Google Cloud Workflows · AI agents · API key security

Google Cloud Workflows AI agent API key: scoping vendor calls in managed GCP workflows

Google Cloud Workflows is a fully managed serverless workflow service that executes YAML-defined orchestration logic — HTTP steps, parallel branches, condition blocks, retry policies, and variable passing between steps. AI agent teams running on GCP adopt Cloud Workflows because it handles durable execution, automatic retries, and parallel fan-out without managing infrastructure. When those workflow steps call Stripe, Twilio, or Resend, Workflows' reliability features become vendor spend amplifiers: the parallel block fans out to N simultaneous HTTP calls each making a vendor API request, try/retry blocks retry failed vendor calls that may have already reached Stripe (duplicate charge risk without idempotency keys), and there is no per-execution dollar cap built into Cloud Workflows.
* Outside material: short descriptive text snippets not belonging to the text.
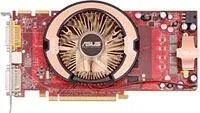 ASUS EAH3850/G/HTDI/512M GDDR3 Ekran Kartı Thumbnail 2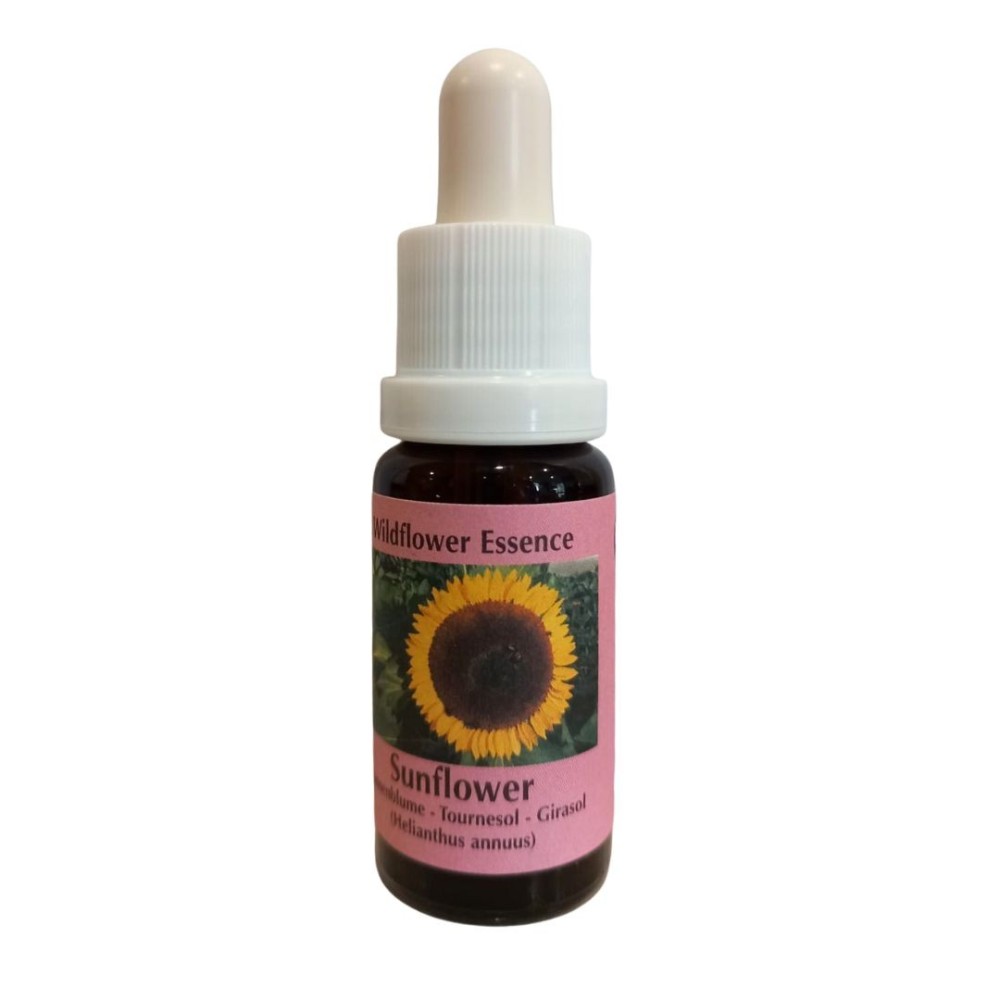 Tournesol (Tournesol) 15 ml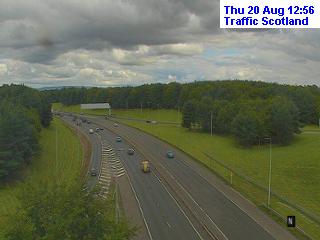 m77-corkerhill-1787230830.jpg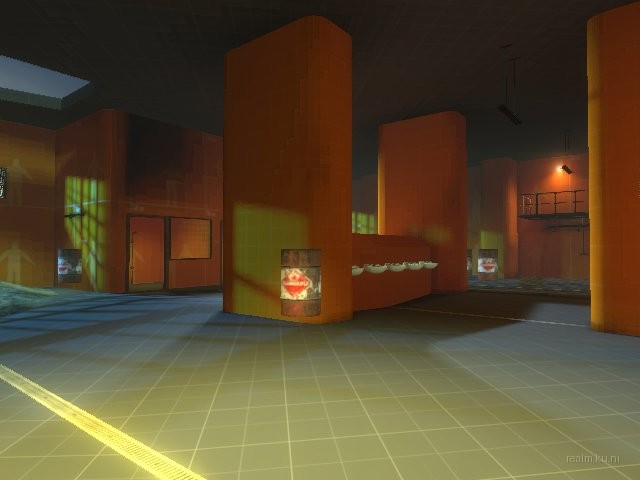 dm_sneakin_dev_v1 thumb 49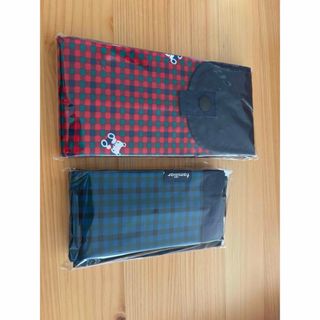 familiarのフリマアイテム一覧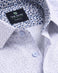 White Speckle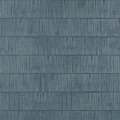 Tapeta poziome pasy Thibaut T12055 Tetons Vista
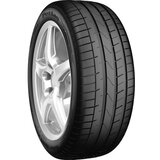 Petlas Velox Sport PT741 ( 195/55 R16 87V ) | Shoptok.si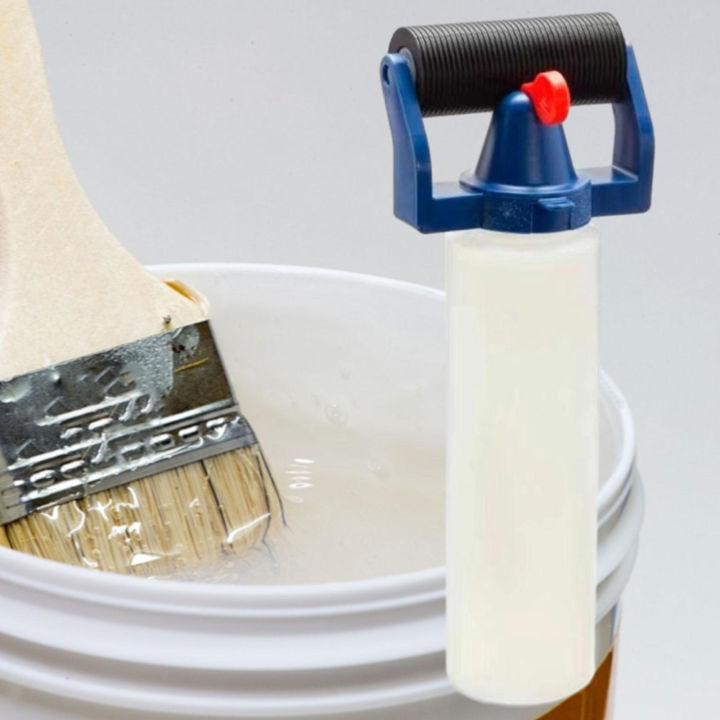 GC%20Glue%20Applicator%20Roller%20Dispenser%208oz%20PE%20Plastic%20Applicator%20Bottle%20Wood%20Glue%20Bottle%20For%20Wood%20Processing%20Painting%20Supply%20Wall%20Treatment%20-%20Image%206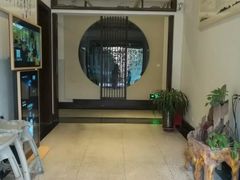 -竹雨堂创意中国菜(裕华店)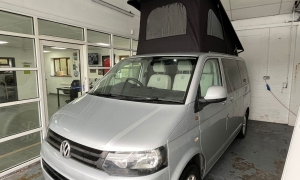 WhatsApp Image 2026-04-03 at 17.03.36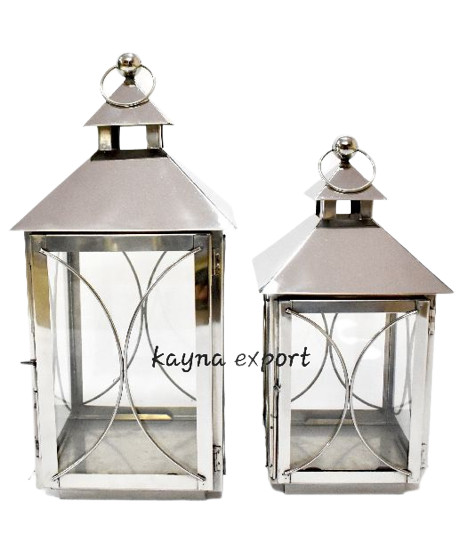 Kayna Export LANTERNS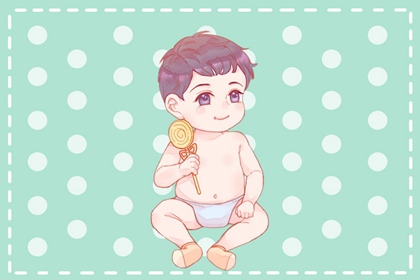 洋氣的姓彭男孩名字大全 姓彭什么名字好聽男孩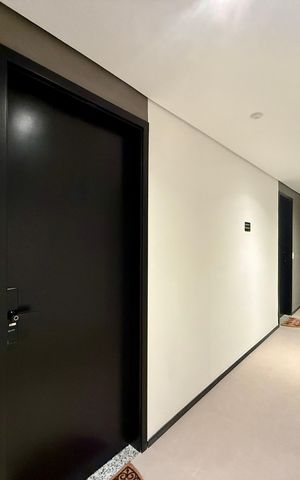 Studio para alugar com 24m², 0 quarto e sem vagaÁrea comum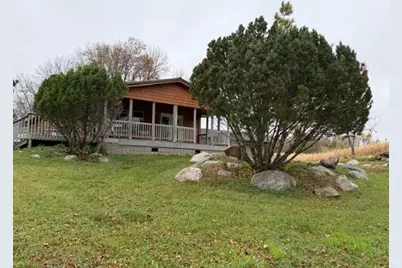 33100 Saint Olaf Way, Battle Lake, MN 56515 - Photo 31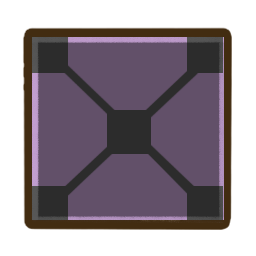 File:217Spooky Flooring.png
This page covers the vault-key pattern that bounds vendor spend per Cloud Workflows execution.

TL;DR

Issue a vault key in the first step of your Cloud Workflows workflow via an HTTP call to Keybrake, store it as a workflow variable, and pass it into every downstream HTTP step that calls Stripe, Twilio, or Resend. For parallel branches, pass the vault key as an argument to the parallel iteration — all branches share the same vault key and the same cap, which accumulates atomically across all concurrent branches. The real vendor secret stays in Keybrake (or Secret Manager fetched only at proxy startup), never in workflow variables or execution logs. Revoking a runaway workflow execution is a single DELETE /vault/keys/{key_id} call — no workflow termination command, no Secret Manager rotation, no infrastructure change.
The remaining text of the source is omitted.